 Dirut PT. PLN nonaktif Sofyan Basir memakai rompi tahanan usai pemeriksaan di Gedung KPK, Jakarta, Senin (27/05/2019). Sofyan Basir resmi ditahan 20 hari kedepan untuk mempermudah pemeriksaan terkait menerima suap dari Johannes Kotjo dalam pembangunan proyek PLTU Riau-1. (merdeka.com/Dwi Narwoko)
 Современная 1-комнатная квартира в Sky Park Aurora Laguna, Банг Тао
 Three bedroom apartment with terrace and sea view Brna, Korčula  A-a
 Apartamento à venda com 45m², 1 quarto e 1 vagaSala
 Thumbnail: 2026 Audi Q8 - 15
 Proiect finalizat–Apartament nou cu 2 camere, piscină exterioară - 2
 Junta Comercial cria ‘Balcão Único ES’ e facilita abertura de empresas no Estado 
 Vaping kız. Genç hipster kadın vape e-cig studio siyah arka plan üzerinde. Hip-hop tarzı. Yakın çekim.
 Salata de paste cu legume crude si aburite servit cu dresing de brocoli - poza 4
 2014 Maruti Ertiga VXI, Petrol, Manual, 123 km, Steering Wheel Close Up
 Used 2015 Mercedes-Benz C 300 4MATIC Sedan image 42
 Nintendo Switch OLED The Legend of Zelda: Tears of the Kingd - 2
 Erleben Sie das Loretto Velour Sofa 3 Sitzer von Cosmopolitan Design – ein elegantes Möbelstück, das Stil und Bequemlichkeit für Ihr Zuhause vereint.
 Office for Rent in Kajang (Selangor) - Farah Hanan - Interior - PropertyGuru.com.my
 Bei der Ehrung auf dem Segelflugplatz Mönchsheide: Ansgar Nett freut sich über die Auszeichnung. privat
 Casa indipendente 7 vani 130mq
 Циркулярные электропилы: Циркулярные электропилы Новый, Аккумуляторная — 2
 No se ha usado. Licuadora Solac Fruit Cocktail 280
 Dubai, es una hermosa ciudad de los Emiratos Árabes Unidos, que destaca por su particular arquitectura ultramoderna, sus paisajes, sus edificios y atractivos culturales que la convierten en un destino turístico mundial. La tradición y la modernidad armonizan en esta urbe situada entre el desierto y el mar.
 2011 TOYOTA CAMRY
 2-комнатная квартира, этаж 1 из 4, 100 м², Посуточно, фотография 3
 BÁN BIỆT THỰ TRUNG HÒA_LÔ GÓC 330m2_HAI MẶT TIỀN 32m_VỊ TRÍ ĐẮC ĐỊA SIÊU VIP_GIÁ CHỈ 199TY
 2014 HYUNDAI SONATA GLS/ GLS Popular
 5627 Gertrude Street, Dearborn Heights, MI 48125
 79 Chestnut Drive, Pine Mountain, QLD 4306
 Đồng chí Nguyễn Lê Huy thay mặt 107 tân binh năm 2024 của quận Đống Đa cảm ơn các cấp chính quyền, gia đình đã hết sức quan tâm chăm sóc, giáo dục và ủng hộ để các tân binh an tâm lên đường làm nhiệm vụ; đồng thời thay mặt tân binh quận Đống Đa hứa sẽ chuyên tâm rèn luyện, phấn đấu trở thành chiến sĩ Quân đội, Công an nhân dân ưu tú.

■ ■ ■ ■

### PROMPT:
Your task is to copy each line of the entries that includes the word "комнатная".

### RESPONSE:
 Современная 1-комнатная квартира в Sky Park Aurora Laguna, Банг Тао
 2-комнатная квартира, этаж 1 из 4, 100 м², Посуточно, фотография 3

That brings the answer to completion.